= Suelo =

American simple living adherent (born 1961)

Daniel James Shellabarger (known as Daniel Suelo, or simply Suelo, and The Man Who Quit Money, born 1961) is an American simple living adherent who stopped using money in the autumn of 2000. He was born in Arvada, Colorado, a suburb of Denver, and once lived for many years in a cave near Moab, Utah, when not wandering the country.

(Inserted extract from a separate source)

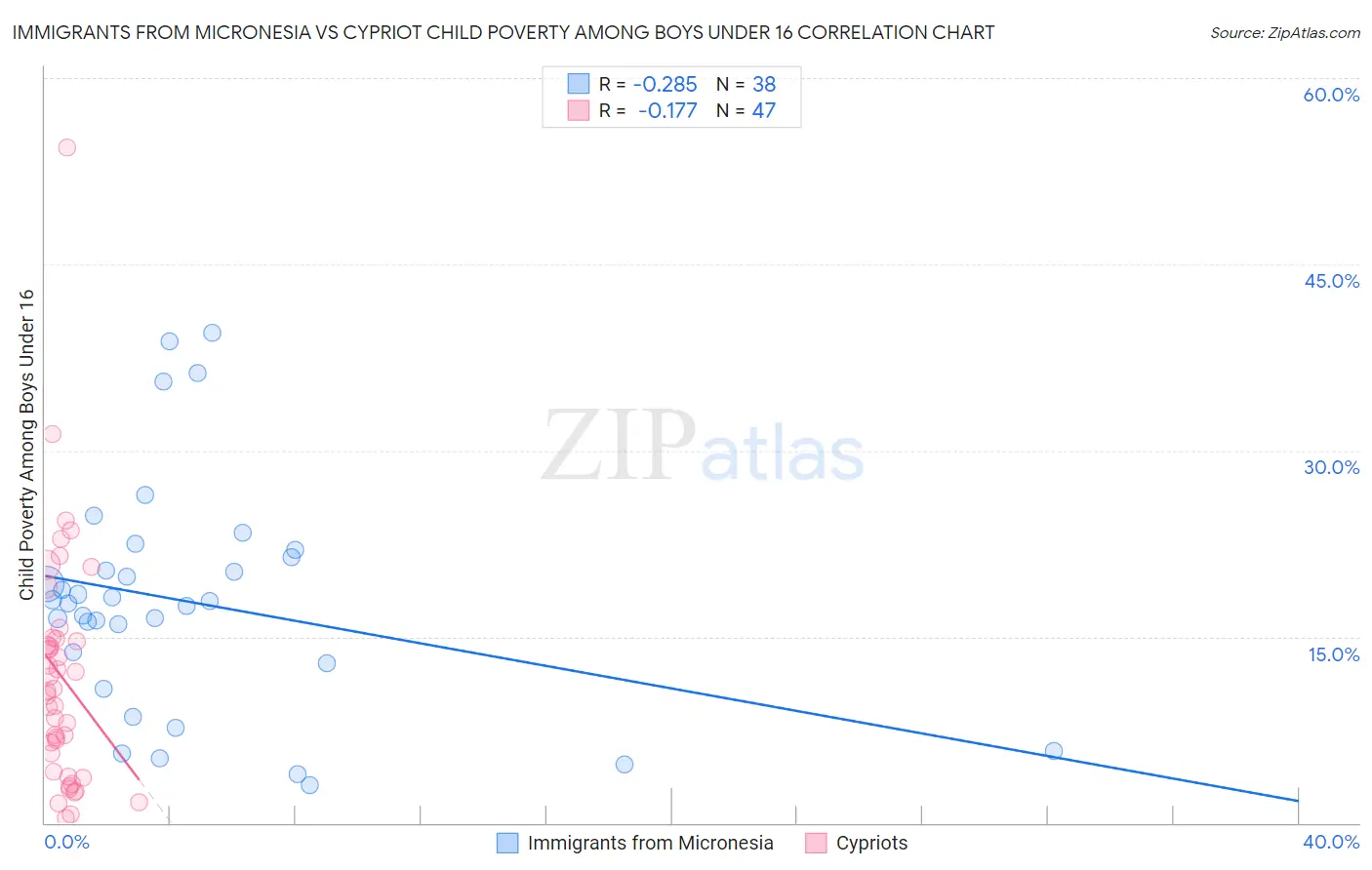 Immigrants from Micronesia vs Cypriot Child Poverty Among Boys Under 16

Suelo gained fame in October 2009 when his profile appeared in the US men's style print magazine Details. This story was picked up by websites such as The Guardian in the UK, The Huffington Post, and Matador Change. He was also interviewed for the BBC in September 2009, by The Denver Post in November 2009, and the Brazilian INFO in November 2009. His story has since been repeated by many websites and news agencies around the world. Suelo was the subject of a 2006 video profile entitled Moneyless in Moab (2006), by Gordon Stevenson and a 2009 video profile entitled Zero Currency (2009), by Brad Barber as well as being featured on KBYU's Beehive Stories (2010), also by Brad Barber.

Penguin approached Suelo about writing an autobiography, but he said that he would not accept payment for telling his story and he would be interested to do so only if the book was given away for free. Penguin was not interested in this approach, but asked a friend of his, Mark Sundeen, about writing a biography. Sundeen wrote The Man Who Quit Money, which was published by Riverhead/Penguin in 2012, and Suelo did not accept any money from his book but requested that the publishers give away a number of copies to people for free, which they did at promotional book tours. A short film about Suelo, narrated by Mark Sundeen, is on BBC News Online.

In 2016 Suelo moved back to his hometown to care for his aging parents, and used money in this capacity. His mother died in 2026.

Suelo is one of a number of individuals who voluntarily live without money. These include Mark Boyle, Tomi Astikainen, the late Heidemarie Schwermer (1942–2016) and Jo Nemeth. Suelo appeared as a guest writer on Mark Boyle's blog in January 2011.